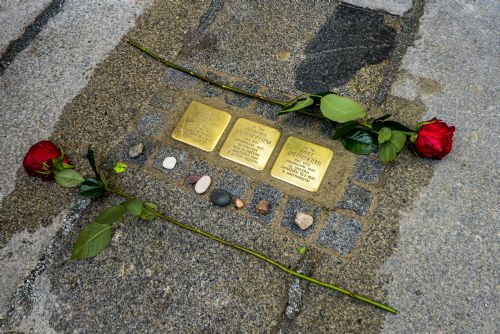Foto: Kameny zmizelých připomínají oběti holokaustu. V Plzni jsou instalovány další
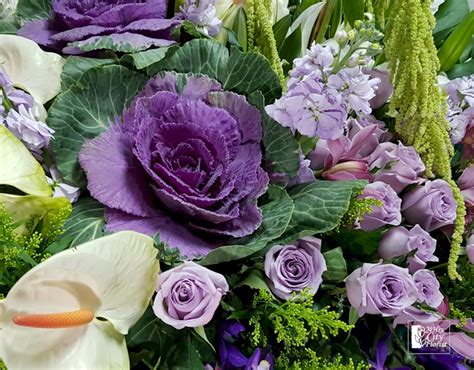Send a beautiful sympathy gift customized for sympathy and memorial. Types Of Flowers To Send For Condolence - 24HRS CITY FLORIST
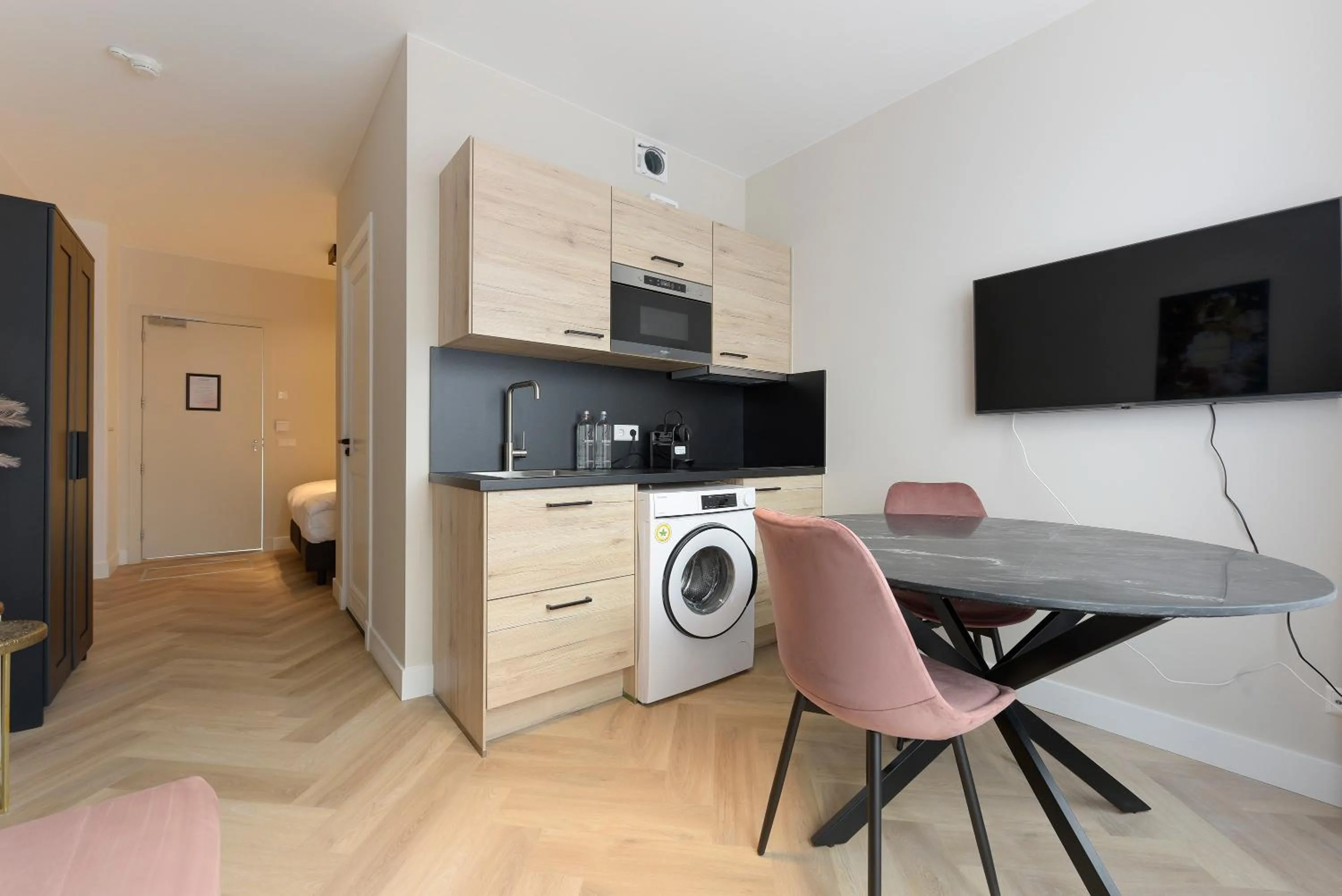 Kitchen or kitchenette in Novallure Short Stay Apartments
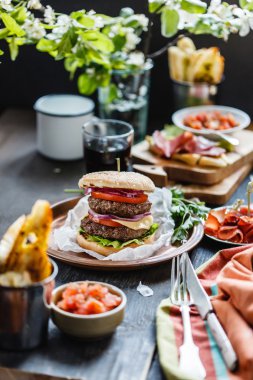 Sığır eti lezzetli burger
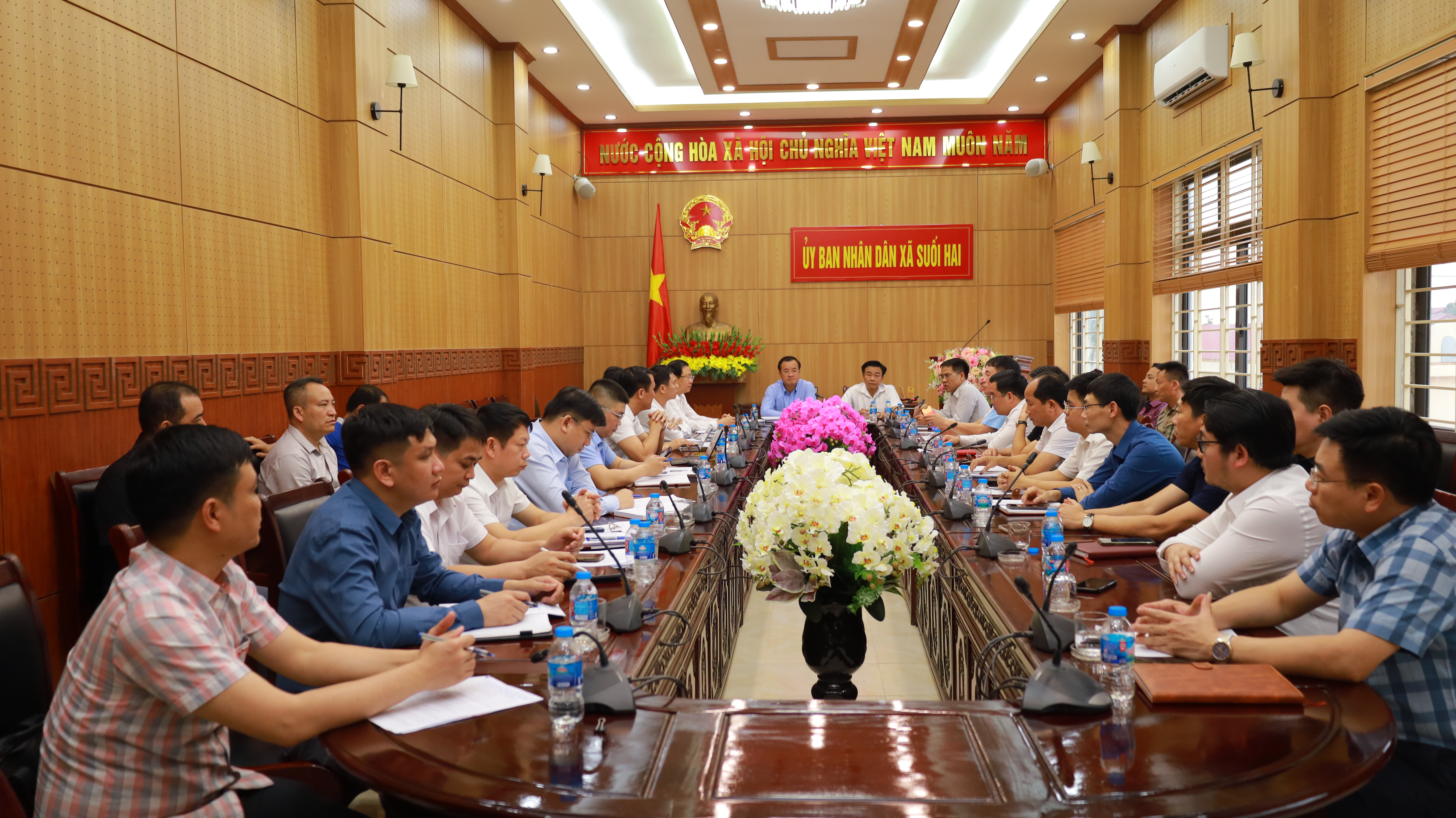 Đảng ủy - Hội đồng nhân dân - UBND 2 xã cùng bàn giải pháp đẩy nhanh tiến độ giải phóng mặt bằng thực hiện dự án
....
--- Activity ---
Starting with the line that contains "Send a beautiful", repeat each line exactly through the last line of the data above, and nothing more; the pictures stay out.

--- Task result ---
Send a beautiful sympathy gift customized for sympathy and memorial. Types Of Flowers To Send For Condolence - 24HRS CITY FLORIST
 Kitchen or kitchenette in Novallure Short Stay Apartments
 Sığır eti lezzetli burger
 Đảng ủy - Hội đồng nhân dân - UBND 2 xã cùng bàn giải pháp đẩy nhanh tiến độ giải phóng mặt bằng thực hiện dự án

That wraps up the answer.